Increase in renminbi deposits

inSight

24 Apr 2008

Increase in renminbi deposits

The increase in renminbi deposits is a natural market response and has limited monetary implications for Hong Kong and the Mainland.

Readers may have noticed that the amount of renminbi deposits in Hong Kong has been growing rapidly in recent months. At the end of February, it amounted to RMB 47.8 billion, an increase of more than 18% from the previous month, 58% over three months and 92% over a year. The March figures are not yet available but I am quite sure that they will show equally rapid increases. This development has attracted some attention, with interesting comments being made on the implications for the status of the Hong Kong dollar and monetary management on the Mainland. Let me try to put these numbers in a proper context.

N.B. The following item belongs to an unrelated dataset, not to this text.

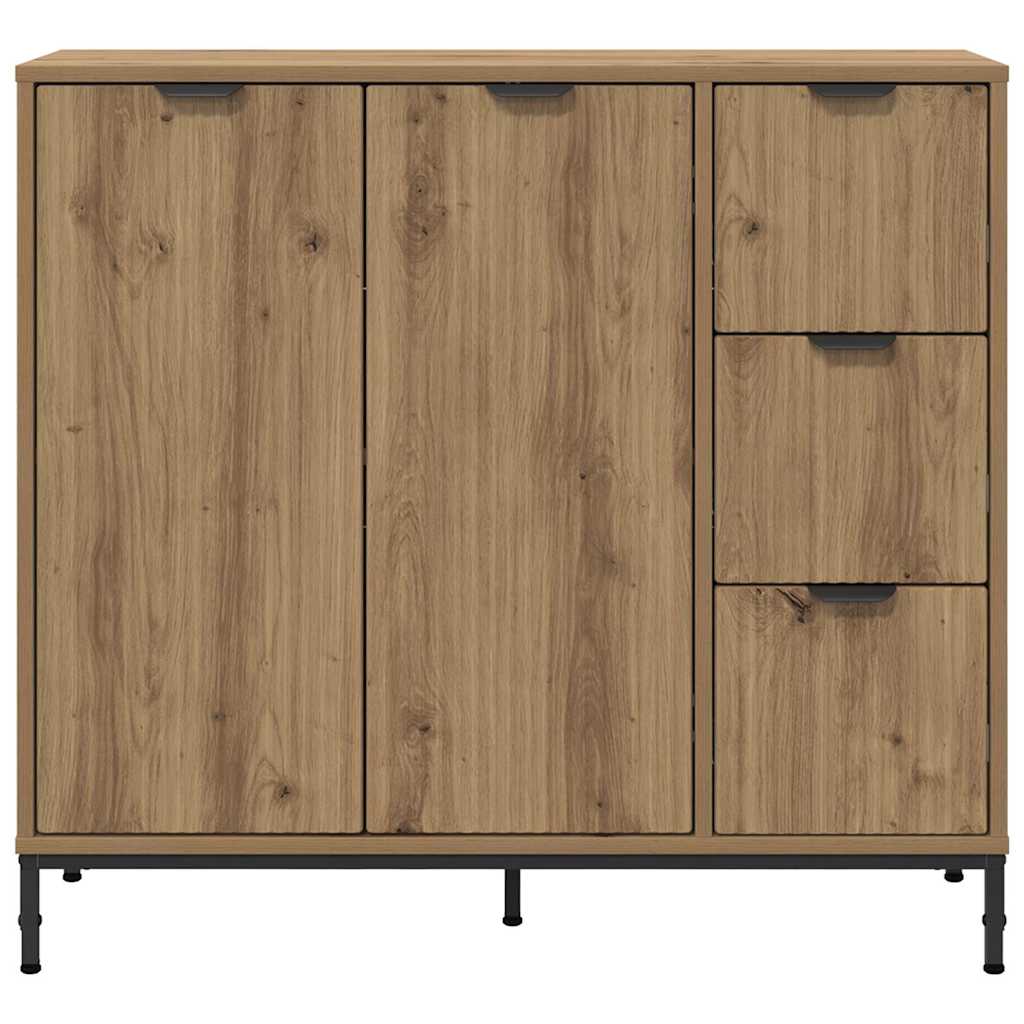 Credenza Rovere artigianale 89,5 x 33 x 82 cm Legno multistrato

There are three reasons for the rapid increase. First, the equity market has not been performing well. The bearish sentiment, hopefully short-term, has led investors to look for alternative homes for their savings. Bank deposits and debt instruments are of course the natural alternatives when equity is not doing well (with the Hang Seng Index having fallen by almost 30% from its peak at the end of October by the end of March). Secondly, the market has been expecting the renminbi to appreciate, given the increased flexibility in the renminbi exchange rate noted in the past few months. Thirdly, Hong Kong-dollar deposit interest rates have been falling along with US interest rates. As a result the interest premium (Hong Kong-dollar interest rates being higher than renminbi interest rates) that had existed since 2005, turned into a discount, with Hong Kong-dollar savings now earning only around 0.1% per year while renminbi deposit rates are around 0.5%, the latter being subject to the rate offered by the Shenzhen Branch of the People’s Bank of China to the renminbi clearing bank in Hong Kong (Bank of China (Hong Kong) Limited) under the scheme.

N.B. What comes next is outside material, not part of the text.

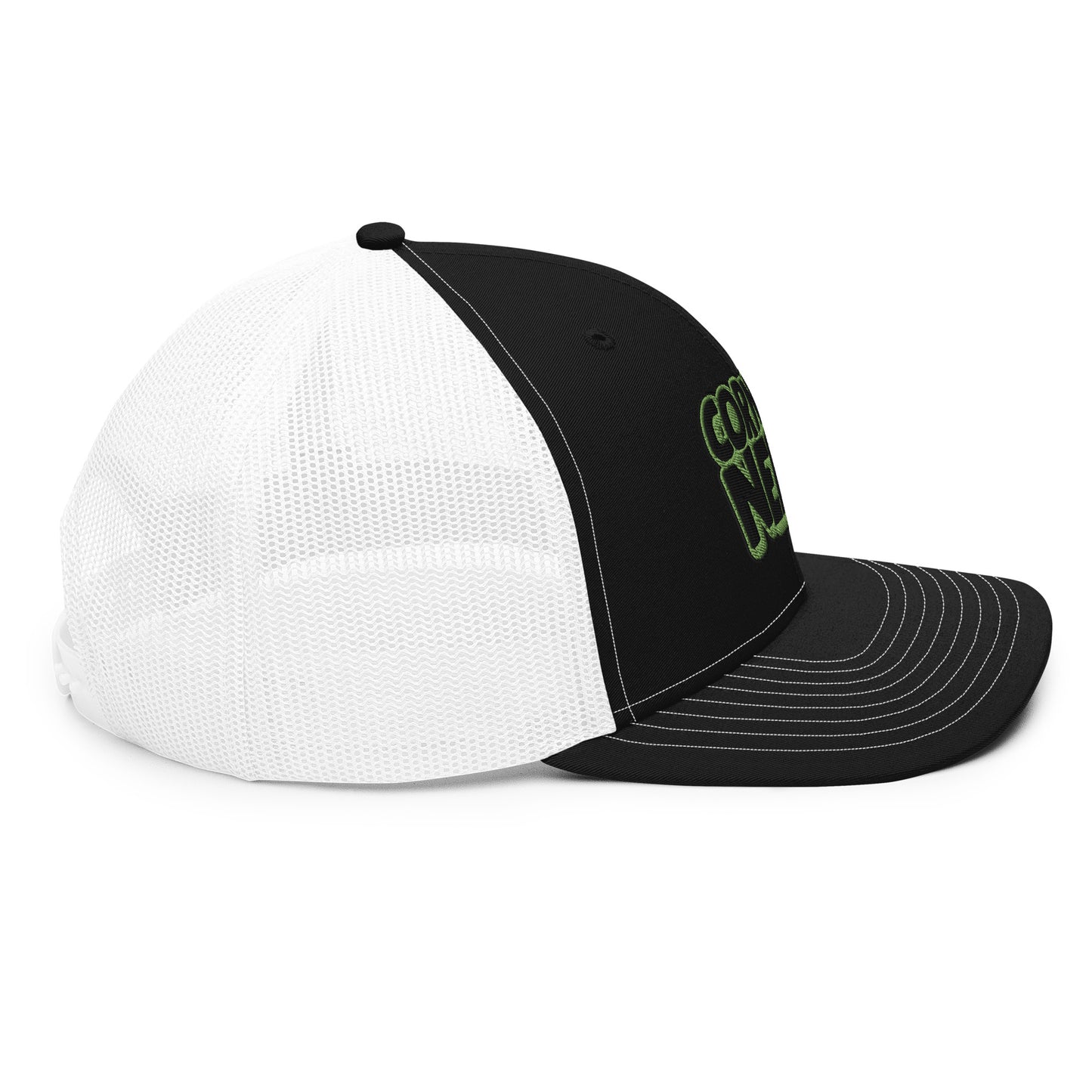 black/kiwi green nerds logo Richardson 112 snapback Trucker hat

The RMB 47.8 billion in deposits at the end of February represents only 0.8% of total deposits and is equivalent to 1.7% of total Hong Kong-dollar deposits in Hong Kong. The rapid rate of increase reflects the small base. In terms of proportion, it clearly does not threaten the status of the Hong Kong dollar, as some have suggested. Hong Kong residents have made an investment choice, based on exchange-rate and interest-rate trends, although transaction demand for the renminbi by Hong Kong residents on the Mainland is also on the rise, given the continuing economic integration. This investment choice, involving more substantial switching of Hong Kong dollars into renminbi, has not led to any noticeable weakening of the Hong Kong dollar exchange rate, which has stayed at the strong side of 7.80 to the US dollar. The Hong Kong dollar, as mandated by the Basic Law, is legal tender in Hong Kong. Our salaries and daily expenses in Hong Kong are paid in Hong Kong dollars. Its legal-tender status is enshrined in the law, although the choice of currency for transactions in Hong Kong is a matter between the payer and the payee.

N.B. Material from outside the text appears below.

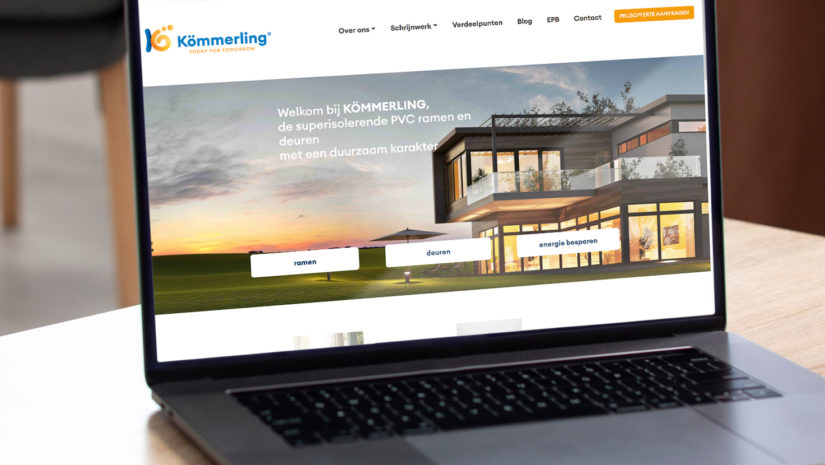 AB rebranding website Kömmerling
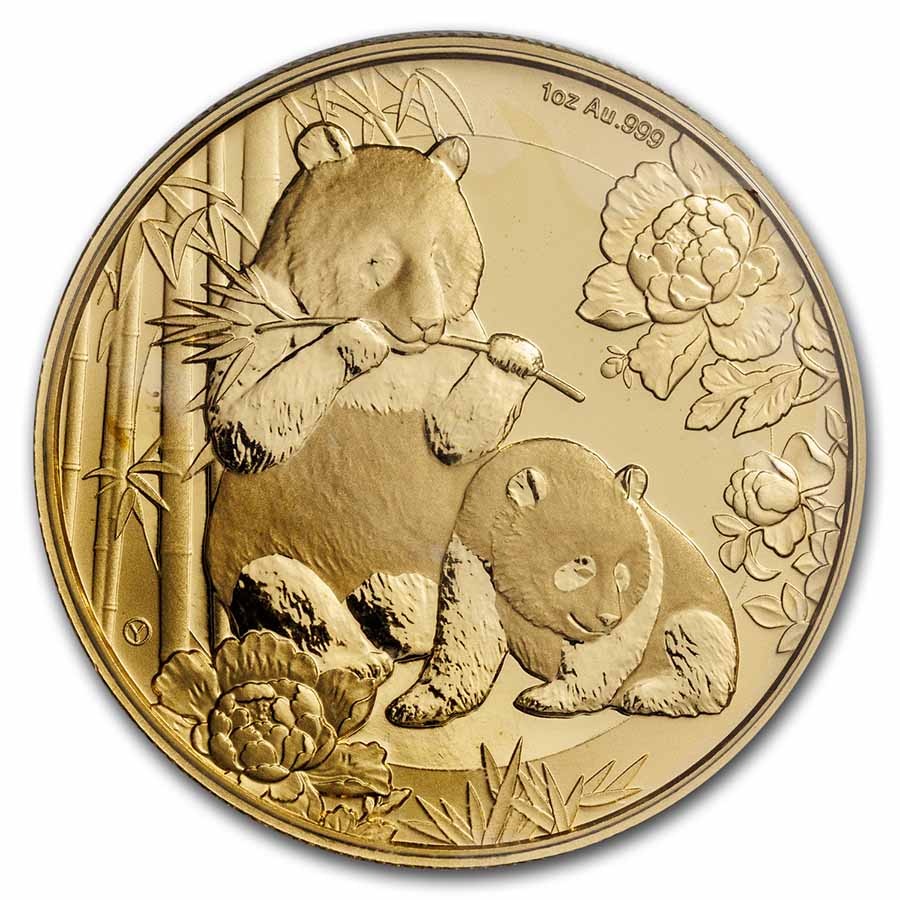 【強運・愛・成功運✨金箔大入】ジンジョークカオハン AJパコン師 プラクルアン Buy 2016 China 1 oz Gold Panda Honolulu HSNA Show Proof (Sealed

Readers may recall that renminbi deposits taken in Hong Kong are deposited with the People’s Bank of China, through the renminbi clearing bank in Hong Kong. This arrangement ensures that renminbi deposits in Hong Kong do not inflate the renminbi money supply on the Mainland causing difficulty in monetary management. To the extent that there are monetary implications for the Mainland, these take the form of greater demand for the renminbi by Hong Kong residents, putting further upward pressure on its exchange rate. But we are talking about very small amounts, compared with the total size of capital inflows into the Mainland. In any case, what is going on in terms of renminbi banking business in the free market of Hong Kong provides valuable information for the further reform and liberalisation of the financial systems on the Mainland, specifically the refinement of the mechanism for determining the renminbi exchange rate and the gradual move towards capital-account convertibility – both of which are declared policy objectives in the Eleventh Five-Year Plan and identified in 2008 as key tasks by the State Council.